- French film poster
- Directed by: Nikita Mikhalkov
- Screenplay by: Aleksandr Adabashyan Nikita Mikhalkov
- Story by: Anton Chekhov
- Based on: Platonov by Anton Chekhov Various short stories by Anton Chekhov
- Starring: Aleksandr Kalyagin Elena Solovey Yevgeniya Glushenko
- Cinematography: Pavel Lebeshev
- Edited by: Lyudmila Yelyan
- Music by: Eduard Artemyev
- Production company: Mosfilm
- Release date: September 5, 1977;
- Running time: 103 minutes
- Country: Soviet Union
- Language: Russian

= An Unfinished Piece for Mechanical Piano =

An Unfinished Piece for Mechanical Piano (Неоконченная пьеса для механического пианино) is a 1977 Soviet drama film directed by Nikita Mikhalkov, who also co-stars. It is based on Anton Chekhov's Platonov, as well as several of his other short stories. It was filmed at Pushchino-Na-Oke (Artsebashev Estate), Pushchino, Russia, which was dilapidated in the film and is now abandoned.

==Plot==
In the early twentieth century, members of the Russian gentry gather at the rural estate of Anna Petrovna Voynitseva, a general's widow. Among the guests are Dr. Triletsky, the creditor Mr. Petrin, Porfiry Semyonovich Glagolev (an admirer of Anna Petrovna), and neighbors Mikhail Vasilyevich Platonov and his wife, Sashenka. Also present are another creditor, Pavel Petrovich Shcherbuk, his daughters, and his nephew, Petechka. Voynitseva's stepson, Serge, introduces the group to his young wife, Sofia, whom Mikhail recognizes as a former love.

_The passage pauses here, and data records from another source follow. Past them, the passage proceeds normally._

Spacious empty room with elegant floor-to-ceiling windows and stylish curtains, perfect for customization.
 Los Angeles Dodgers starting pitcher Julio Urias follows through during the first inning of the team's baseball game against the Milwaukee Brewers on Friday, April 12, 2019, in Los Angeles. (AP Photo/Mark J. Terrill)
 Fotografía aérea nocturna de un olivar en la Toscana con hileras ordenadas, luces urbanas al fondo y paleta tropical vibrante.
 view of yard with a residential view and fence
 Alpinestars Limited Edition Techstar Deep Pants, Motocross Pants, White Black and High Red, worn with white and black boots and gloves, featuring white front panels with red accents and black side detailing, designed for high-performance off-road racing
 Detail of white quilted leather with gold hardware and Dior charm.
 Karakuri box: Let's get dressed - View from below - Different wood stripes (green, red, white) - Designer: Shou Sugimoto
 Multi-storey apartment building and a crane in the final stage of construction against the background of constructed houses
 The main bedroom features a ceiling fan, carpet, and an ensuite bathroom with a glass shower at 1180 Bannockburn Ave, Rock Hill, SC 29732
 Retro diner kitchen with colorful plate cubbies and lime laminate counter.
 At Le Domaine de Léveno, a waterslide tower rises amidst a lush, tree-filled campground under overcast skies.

As the day progresses, relationships develop, raising questions about where these newfound connections will lead. The guests play games and entertainments like forfeits, while Platonov repeatedly brings up the theme of human insignificance. During the evening fireworks, Mikhail and Sofia share an intimate moment, rekindling their past affection. Sofia feels ready to leave her husband for a "pure new life" with Mikhail, but he hesitates. Conflicted, he impulsively jumps from a low riverbank, only to find the water shallow. Sashenka, tearfully, confesses her love to Platonov.

The film ends with all characters gathering at dawn by the river meadow, concluding with a shot of Petechka sleeping, turning away from the rising sun's first light.

==Cast==
- Aleksandr Kalyagin: Mikhail Vassilyevich Platonov
- Elena Solovey: Sophia Yegorovna
- Yevgeniya Glushenko: Sashenka
- Antonina Shuranova: Anna Petrovna Voinitseva
- Yuri Bogatyryov: Sergey Pavlovich Voinitsev
- Oleg Tabakov: Pavel Petrovich Shcherbuk
- Nikolai Pastukhov: Porfiry Semyonovich Glagolyev
- Pavel Kadochnikov: Ivan Ivanovich Triletsky
- Nikita Mikhalkov: Nikolai Ivanovich Triletsky
- Anatoli Romashin: Gerasim Kuzmich Petrin
- Natalya Nazarova: Verochka
- Kseniya Minina: Lizochka
- Sergey Nikonenko: Yakov
- Sergei Guryev: Petechka (as Seryozha Guryev)

==Reception==
===Critical response===
An Unfinished Piece for Mechanical Piano has an approval rating of 86% on review aggregator website Rotten Tomatoes, based on 7 reviews, and an average rating of 8.00/10.